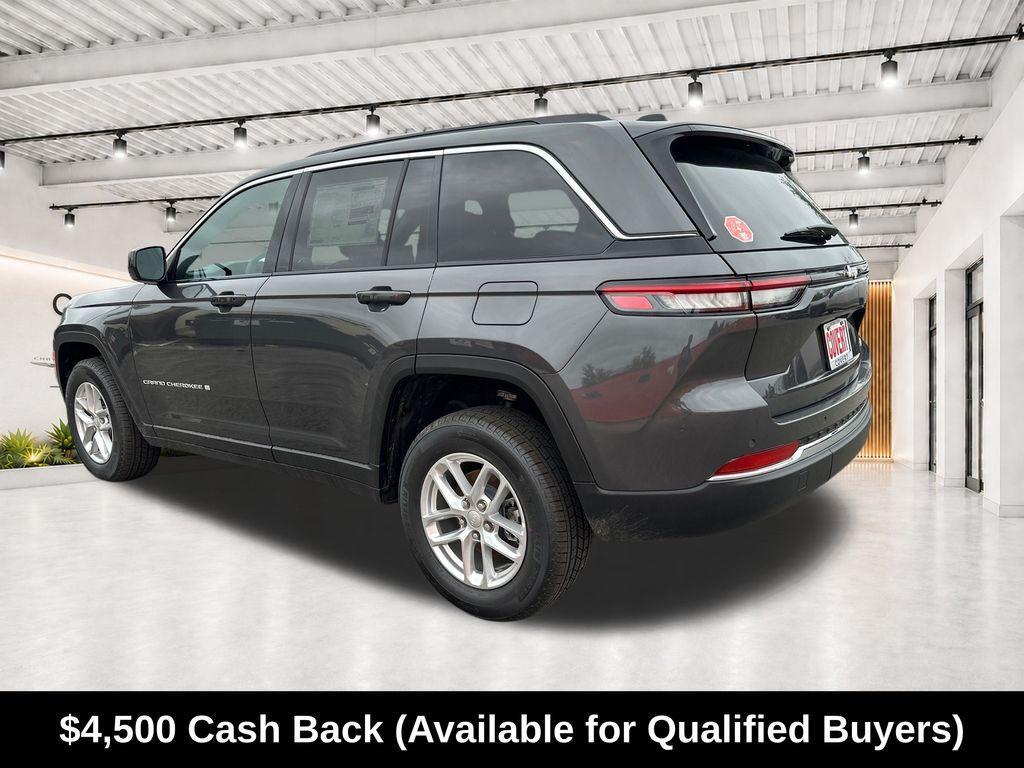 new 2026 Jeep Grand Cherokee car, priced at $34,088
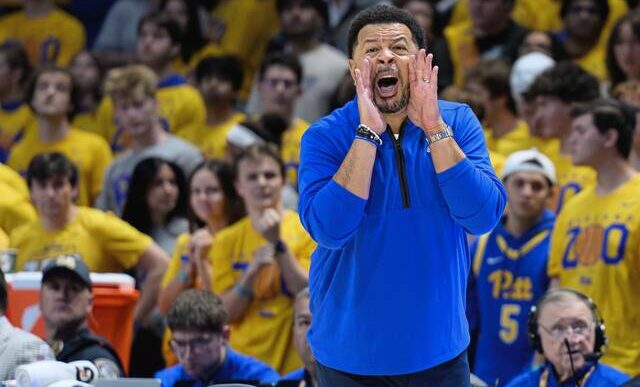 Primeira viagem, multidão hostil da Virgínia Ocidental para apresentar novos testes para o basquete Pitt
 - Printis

---

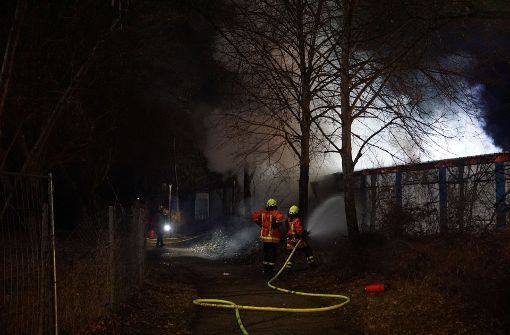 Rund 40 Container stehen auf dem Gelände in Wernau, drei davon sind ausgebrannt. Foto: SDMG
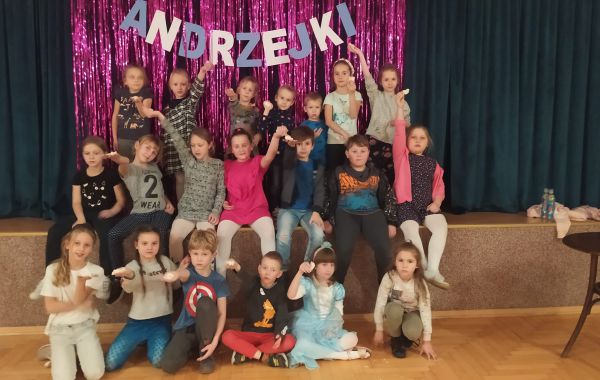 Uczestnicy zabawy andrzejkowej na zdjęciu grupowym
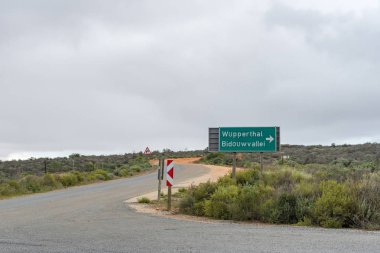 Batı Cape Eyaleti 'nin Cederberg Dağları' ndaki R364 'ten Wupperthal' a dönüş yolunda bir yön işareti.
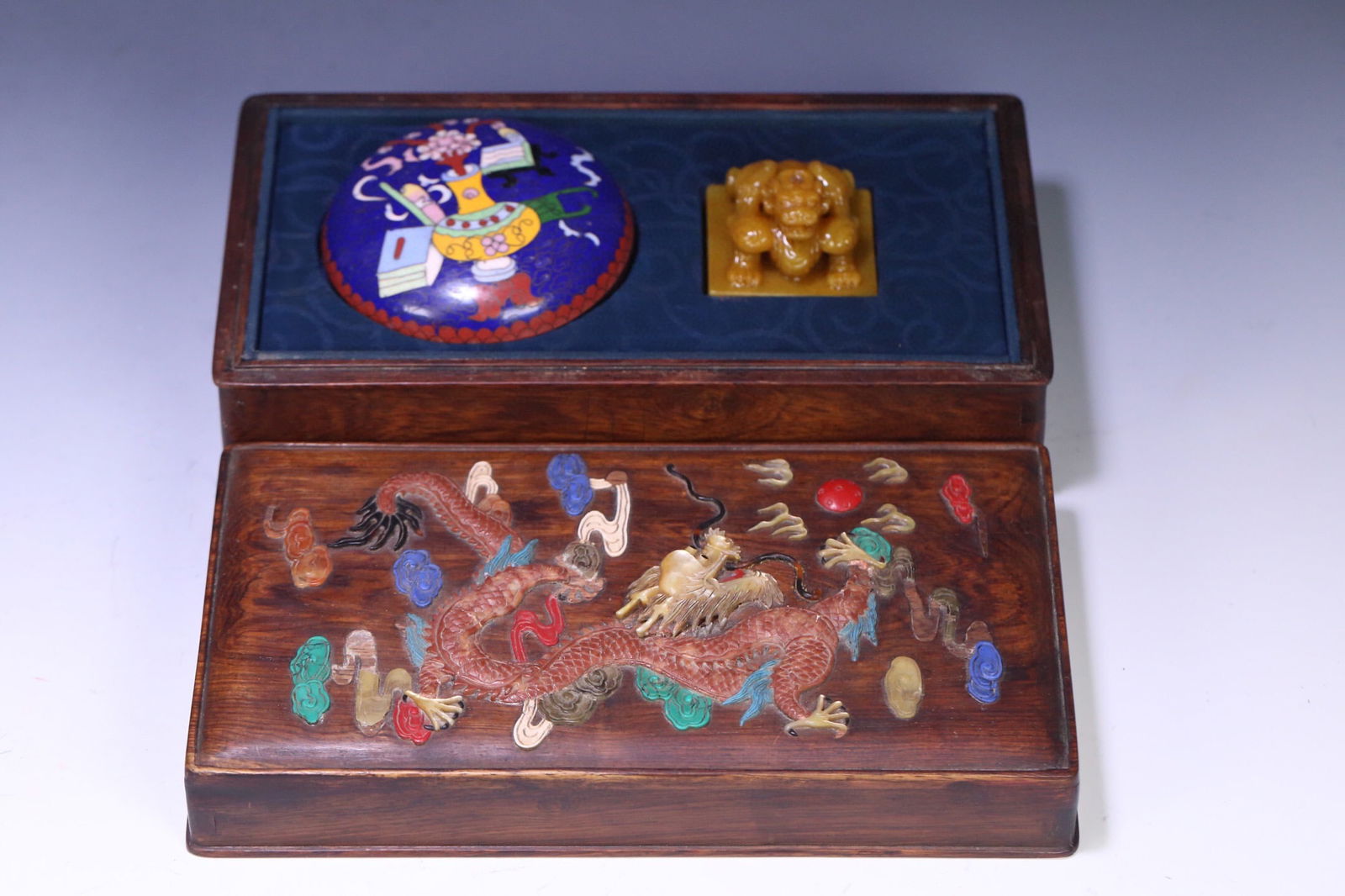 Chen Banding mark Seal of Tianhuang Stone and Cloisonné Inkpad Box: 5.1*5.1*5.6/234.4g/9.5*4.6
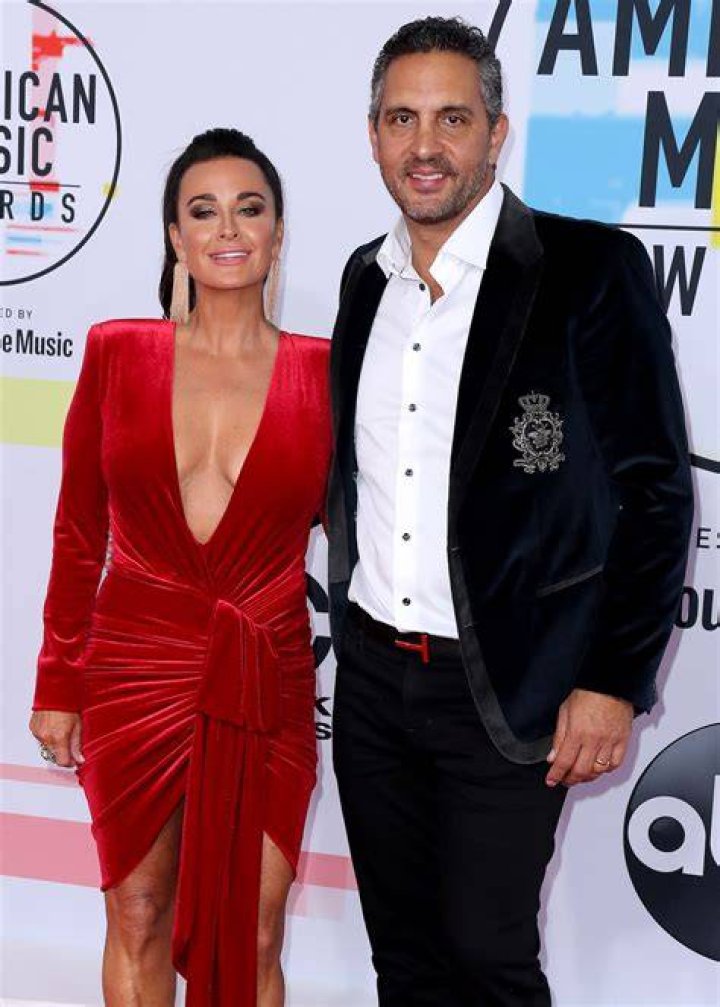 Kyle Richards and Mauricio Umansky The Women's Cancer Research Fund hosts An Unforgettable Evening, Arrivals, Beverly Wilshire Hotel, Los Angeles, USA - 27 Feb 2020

YOUR INSTRUCTIONS >> With the pictures omitted, copy exactly the lines of the listing above starting at the line containing "Chen Banding mark" and ending at the line containing "Kyle Richards and", both included.

RESULT OF THIS TASK >>
 Chen Banding mark Seal of Tianhuang Stone and Cloisonné Inkpad Box: 5.1*5.1*5.6/234.4g/9.5*4.6
 Kyle Richards and Mauricio Umansky The Women's Cancer Research Fund hosts An Unforgettable Evening, Arrivals, Beverly Wilshire Hotel, Los Angeles, USA - 27 Feb 2020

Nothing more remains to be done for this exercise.